** Assignment **
Show all lines from the material that carry the word "Road".

BEGIN Material for this task

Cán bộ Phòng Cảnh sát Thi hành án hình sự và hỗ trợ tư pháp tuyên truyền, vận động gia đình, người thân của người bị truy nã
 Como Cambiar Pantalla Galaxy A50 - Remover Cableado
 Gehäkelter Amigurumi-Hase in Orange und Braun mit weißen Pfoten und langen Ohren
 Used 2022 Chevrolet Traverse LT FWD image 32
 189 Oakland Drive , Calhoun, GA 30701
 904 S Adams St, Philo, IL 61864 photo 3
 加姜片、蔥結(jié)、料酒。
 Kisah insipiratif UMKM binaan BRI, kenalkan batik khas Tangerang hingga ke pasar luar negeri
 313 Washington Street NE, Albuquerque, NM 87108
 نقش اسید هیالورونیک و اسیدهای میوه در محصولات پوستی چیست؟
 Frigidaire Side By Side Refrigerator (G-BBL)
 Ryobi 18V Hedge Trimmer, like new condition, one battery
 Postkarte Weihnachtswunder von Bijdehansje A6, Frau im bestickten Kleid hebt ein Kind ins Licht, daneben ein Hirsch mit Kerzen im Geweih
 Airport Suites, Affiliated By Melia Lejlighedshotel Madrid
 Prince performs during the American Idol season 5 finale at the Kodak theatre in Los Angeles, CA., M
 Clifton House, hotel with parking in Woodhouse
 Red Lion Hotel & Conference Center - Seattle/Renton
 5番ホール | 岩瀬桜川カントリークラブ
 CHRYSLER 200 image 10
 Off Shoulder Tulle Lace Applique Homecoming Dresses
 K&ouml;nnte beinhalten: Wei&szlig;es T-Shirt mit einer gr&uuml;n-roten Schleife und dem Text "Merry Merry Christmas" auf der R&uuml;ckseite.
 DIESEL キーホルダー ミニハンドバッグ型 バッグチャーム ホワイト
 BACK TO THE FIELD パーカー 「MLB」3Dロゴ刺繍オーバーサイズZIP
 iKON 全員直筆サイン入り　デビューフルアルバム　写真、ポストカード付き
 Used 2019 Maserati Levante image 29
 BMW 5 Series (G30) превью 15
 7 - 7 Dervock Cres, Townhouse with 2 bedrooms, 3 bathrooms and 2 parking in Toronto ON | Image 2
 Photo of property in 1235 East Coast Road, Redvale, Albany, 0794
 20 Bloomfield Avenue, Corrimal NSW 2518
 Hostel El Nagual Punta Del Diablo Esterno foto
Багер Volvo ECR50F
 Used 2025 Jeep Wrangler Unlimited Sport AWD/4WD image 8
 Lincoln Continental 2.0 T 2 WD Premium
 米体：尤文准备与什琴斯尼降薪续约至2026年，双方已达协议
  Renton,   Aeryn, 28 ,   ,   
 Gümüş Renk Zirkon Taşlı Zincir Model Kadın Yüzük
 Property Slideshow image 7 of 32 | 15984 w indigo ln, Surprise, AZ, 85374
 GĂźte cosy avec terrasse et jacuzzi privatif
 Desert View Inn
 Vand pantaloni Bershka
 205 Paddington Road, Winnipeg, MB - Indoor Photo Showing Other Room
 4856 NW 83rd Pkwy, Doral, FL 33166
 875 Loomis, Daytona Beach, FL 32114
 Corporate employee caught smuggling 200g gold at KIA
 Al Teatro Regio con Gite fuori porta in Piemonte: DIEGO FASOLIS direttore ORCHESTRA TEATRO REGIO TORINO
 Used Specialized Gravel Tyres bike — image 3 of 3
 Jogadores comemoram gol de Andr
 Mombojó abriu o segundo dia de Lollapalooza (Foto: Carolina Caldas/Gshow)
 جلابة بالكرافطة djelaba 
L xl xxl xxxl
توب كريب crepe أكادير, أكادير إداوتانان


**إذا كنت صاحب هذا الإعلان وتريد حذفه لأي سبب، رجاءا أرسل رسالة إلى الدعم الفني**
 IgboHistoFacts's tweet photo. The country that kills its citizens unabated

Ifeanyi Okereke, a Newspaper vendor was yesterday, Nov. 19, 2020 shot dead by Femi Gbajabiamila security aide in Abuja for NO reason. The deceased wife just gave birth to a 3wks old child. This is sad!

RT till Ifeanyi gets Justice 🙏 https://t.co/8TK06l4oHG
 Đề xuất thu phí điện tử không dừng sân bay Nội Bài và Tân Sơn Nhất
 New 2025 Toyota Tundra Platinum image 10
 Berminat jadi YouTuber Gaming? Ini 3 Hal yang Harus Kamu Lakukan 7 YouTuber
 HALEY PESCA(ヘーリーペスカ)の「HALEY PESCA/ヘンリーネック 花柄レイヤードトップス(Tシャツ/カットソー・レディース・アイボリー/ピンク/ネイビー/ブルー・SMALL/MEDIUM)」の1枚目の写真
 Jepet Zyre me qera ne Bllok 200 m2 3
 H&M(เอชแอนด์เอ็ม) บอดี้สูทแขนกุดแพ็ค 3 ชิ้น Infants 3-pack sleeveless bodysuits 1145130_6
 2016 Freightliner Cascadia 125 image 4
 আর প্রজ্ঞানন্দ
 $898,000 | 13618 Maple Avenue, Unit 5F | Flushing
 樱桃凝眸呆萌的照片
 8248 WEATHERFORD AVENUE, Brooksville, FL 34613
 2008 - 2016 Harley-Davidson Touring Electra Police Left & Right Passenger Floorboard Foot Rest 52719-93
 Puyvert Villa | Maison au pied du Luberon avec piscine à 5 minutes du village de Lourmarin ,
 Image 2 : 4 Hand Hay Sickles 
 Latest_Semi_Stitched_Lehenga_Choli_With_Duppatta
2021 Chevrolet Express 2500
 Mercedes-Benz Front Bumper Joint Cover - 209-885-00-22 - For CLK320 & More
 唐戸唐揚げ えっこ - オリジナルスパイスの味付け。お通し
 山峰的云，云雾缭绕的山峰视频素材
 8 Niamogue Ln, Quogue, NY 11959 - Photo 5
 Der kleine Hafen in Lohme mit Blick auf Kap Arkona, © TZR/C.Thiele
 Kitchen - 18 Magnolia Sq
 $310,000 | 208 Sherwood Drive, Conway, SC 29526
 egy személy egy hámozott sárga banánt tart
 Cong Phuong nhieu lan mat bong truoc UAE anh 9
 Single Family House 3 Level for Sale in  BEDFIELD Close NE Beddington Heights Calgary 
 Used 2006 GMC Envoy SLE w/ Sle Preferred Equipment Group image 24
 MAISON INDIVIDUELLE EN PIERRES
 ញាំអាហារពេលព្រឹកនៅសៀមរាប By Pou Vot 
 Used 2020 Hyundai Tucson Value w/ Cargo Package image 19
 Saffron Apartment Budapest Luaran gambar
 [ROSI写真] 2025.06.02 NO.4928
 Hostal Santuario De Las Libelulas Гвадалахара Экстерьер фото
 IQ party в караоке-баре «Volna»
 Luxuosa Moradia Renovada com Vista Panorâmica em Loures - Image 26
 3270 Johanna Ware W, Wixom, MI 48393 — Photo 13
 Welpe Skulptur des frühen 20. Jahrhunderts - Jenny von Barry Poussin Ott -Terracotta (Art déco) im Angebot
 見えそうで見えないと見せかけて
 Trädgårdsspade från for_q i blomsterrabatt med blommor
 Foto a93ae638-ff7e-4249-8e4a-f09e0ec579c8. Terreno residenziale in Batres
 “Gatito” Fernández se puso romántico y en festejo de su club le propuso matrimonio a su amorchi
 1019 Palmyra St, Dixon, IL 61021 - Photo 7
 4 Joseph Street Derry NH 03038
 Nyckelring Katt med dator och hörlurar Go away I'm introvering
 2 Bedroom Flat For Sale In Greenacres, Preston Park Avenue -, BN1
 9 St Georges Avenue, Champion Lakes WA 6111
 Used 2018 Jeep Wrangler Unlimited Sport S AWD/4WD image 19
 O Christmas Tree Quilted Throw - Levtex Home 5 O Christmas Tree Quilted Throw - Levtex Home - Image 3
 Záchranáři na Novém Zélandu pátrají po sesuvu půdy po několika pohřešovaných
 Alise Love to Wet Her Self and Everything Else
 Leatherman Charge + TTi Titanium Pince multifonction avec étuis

END Material for this task

** Reply to the task **
 Photo of property in 1235 East Coast Road, Redvale, Albany, 0794
 205 Paddington Road, Winnipeg, MB - Indoor Photo Showing Other Room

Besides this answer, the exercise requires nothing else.